John Hanna, Associated Press
TOPEKA, Kan. — An agreement among Kansas legislators over a proposed $14.1 billion state budget unraveled Friday, postponing big spending decisions for several weeks and possibly creating headaches for agencies and their clients.
The House's Republican leaders wanted to reopen budget talks that had appeared to resolve dozens of differences between their chamber and the Senate over the spending plan for the fiscal year that begins July 1. They said the budget legislation didn't match the deal cut Thursday, particularly when it came to how the state would cover nearly $25 million in unanticipated costs faced by the state's 286 school districts.
Senate negotiators balked, saying the terms of the deal were clear — and reflected in the budget legislation. The House canceled a vote on the compromise, and lawmakers adjourned for their annual spring break, leaving the issues to be resolved after they return April 25 to wrap up business for the year.
The impasse could have tangible consequences. Senators said state courts could have to close extra days and state parks could struggle to find enough workers at the start of tourist season because of shortfalls in fee collections.
"I don't know why in the world they're doing what they're doing," said Sen. John Vratil, a Leawood Republican and one of the negotiators.

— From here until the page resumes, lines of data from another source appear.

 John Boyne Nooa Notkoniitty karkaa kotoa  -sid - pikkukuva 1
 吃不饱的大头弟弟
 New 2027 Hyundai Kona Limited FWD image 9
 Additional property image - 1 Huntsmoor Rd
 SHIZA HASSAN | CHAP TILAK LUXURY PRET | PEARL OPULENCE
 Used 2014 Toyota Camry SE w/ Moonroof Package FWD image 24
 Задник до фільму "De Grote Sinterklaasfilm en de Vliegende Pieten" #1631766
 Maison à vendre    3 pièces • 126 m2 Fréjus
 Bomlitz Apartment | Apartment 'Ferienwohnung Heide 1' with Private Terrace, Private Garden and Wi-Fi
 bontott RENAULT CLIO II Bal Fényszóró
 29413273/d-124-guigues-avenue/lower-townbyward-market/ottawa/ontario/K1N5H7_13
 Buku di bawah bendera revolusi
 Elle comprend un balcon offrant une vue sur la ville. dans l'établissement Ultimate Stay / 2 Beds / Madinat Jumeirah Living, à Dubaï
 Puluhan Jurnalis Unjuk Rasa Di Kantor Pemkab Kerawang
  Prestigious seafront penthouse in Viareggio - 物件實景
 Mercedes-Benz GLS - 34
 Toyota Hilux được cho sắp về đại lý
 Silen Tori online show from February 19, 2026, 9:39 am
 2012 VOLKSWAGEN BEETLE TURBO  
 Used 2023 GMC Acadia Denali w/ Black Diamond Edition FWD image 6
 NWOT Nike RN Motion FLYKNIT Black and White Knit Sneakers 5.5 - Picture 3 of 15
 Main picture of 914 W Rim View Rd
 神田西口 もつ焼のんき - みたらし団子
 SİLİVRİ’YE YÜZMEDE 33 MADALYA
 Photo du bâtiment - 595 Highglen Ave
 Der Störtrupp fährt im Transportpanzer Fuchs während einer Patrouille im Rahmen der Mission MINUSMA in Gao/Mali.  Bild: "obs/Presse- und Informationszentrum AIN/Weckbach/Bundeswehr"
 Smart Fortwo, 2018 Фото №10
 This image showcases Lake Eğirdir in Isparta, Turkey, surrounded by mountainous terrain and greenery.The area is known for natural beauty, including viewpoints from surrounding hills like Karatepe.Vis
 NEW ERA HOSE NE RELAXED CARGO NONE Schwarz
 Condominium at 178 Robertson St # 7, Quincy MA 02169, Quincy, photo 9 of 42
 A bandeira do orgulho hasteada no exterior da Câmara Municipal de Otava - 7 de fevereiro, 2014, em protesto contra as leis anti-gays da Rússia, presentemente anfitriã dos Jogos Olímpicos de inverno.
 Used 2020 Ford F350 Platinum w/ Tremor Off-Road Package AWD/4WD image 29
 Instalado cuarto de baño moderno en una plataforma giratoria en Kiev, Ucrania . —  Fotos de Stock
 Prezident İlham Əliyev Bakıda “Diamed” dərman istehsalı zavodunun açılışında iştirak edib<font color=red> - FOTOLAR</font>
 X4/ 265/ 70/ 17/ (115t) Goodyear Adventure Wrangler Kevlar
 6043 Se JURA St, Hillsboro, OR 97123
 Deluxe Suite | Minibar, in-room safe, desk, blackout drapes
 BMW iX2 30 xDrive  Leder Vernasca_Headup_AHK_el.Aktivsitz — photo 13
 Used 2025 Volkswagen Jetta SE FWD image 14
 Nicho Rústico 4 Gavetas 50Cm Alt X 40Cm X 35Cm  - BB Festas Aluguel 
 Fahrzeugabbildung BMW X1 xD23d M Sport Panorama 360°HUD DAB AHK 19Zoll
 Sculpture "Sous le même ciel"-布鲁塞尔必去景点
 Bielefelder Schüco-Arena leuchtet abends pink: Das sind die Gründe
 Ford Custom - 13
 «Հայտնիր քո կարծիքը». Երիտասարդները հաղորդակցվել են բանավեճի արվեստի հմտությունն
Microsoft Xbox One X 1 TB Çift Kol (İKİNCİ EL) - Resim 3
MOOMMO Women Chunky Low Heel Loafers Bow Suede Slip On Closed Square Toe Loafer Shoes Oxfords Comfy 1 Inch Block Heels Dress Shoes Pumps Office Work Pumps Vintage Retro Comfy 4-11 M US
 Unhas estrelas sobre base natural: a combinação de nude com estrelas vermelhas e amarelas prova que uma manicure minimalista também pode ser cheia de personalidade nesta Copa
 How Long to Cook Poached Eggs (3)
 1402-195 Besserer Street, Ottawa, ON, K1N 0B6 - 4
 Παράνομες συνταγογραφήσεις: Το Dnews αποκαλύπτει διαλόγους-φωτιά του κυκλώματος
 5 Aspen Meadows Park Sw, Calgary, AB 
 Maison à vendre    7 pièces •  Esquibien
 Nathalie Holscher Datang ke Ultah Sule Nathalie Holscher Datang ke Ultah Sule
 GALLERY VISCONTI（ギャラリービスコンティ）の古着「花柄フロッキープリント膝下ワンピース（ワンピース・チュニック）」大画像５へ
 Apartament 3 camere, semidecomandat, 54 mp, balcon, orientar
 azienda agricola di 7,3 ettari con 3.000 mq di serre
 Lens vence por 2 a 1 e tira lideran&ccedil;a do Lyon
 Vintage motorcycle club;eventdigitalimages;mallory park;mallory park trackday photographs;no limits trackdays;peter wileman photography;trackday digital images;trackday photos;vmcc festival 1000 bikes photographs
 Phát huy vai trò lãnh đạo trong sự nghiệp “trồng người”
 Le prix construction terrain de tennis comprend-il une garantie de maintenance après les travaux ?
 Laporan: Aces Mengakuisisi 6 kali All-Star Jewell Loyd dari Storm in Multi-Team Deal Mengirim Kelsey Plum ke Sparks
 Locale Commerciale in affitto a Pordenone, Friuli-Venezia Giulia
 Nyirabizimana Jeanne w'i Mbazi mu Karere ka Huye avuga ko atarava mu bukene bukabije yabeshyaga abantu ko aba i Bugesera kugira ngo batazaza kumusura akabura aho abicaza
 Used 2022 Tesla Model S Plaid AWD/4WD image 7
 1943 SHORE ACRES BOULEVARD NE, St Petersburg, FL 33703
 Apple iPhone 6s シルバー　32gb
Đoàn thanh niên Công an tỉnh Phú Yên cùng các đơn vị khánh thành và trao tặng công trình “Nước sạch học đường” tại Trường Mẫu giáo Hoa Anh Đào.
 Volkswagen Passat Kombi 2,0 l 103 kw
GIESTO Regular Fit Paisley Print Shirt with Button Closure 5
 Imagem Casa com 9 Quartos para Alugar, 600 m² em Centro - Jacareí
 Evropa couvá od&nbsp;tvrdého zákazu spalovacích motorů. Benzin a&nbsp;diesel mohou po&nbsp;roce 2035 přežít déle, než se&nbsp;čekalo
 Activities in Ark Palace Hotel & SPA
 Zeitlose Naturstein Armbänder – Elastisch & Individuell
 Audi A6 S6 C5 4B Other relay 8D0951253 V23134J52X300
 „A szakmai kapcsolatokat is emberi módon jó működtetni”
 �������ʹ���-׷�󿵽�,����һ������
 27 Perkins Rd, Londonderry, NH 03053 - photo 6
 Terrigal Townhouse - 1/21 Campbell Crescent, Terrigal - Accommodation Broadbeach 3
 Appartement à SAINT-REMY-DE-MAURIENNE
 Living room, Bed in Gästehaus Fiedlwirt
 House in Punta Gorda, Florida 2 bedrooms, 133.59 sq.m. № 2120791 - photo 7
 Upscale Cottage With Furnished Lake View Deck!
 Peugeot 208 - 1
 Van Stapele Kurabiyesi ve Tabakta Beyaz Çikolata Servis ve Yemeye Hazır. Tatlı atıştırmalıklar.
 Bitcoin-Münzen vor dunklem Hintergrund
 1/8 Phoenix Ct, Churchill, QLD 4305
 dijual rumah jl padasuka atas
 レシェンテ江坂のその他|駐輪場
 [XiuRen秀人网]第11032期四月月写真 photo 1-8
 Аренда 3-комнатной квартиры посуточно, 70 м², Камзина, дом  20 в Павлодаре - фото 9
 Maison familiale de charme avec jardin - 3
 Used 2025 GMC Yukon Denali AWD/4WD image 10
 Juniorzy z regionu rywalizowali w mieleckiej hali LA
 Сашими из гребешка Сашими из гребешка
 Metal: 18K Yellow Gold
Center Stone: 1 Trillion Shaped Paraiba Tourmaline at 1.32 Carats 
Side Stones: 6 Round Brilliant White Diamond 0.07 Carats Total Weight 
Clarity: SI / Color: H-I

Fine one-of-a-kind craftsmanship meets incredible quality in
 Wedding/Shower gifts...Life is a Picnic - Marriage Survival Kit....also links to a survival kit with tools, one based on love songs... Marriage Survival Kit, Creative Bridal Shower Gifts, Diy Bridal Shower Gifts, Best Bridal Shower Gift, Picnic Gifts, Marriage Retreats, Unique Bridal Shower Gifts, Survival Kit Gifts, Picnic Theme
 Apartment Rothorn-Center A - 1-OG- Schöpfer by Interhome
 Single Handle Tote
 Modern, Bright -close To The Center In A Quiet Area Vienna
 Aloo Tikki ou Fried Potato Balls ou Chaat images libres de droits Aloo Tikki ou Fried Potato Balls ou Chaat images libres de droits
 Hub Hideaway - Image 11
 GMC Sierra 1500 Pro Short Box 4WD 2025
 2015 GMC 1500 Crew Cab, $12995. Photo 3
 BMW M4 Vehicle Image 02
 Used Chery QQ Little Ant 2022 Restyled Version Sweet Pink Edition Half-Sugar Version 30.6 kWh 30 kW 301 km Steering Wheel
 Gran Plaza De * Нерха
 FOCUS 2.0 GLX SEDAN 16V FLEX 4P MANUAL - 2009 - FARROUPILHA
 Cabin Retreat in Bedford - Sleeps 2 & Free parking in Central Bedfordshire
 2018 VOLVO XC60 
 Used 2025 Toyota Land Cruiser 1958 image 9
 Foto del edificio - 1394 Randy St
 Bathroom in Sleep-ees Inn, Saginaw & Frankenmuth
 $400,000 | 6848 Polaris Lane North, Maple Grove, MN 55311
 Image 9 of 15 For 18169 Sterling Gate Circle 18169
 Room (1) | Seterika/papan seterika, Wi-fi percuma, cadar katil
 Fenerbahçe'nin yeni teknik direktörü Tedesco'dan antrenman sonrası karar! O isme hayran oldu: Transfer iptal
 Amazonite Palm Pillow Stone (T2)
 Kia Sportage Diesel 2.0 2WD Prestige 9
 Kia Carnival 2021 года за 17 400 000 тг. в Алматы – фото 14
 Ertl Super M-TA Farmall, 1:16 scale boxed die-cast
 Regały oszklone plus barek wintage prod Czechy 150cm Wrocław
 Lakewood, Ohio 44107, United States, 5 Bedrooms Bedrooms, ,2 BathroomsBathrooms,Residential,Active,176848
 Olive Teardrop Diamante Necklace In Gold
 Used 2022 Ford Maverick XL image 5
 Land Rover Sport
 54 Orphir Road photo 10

The compromise budget plan would have dealt with most of the spending issues facing state government during the next fiscal year. It would have cut overall spending by 4.2 percent, or about $620 million, and leave the state with cash reserves of $523 million at the end of June 2013.
But the bill also contained some supplemental dollars for the current budget.
Senators worried about the court system following a letter last month from Kansas Supreme Court Chief Justice Lawton Nuss, asking for an additional $1.4 million in tax dollars to offset a drop in revenues from case-filing fees. Nuss wrote that if the court didn't get extra tax dollars by the end of March, it would be forced to furlough employees for five days, starting in mid-April.
House GOP leaders were skeptical, saying the court can shift other dollars to personnel costs until lawmakers act.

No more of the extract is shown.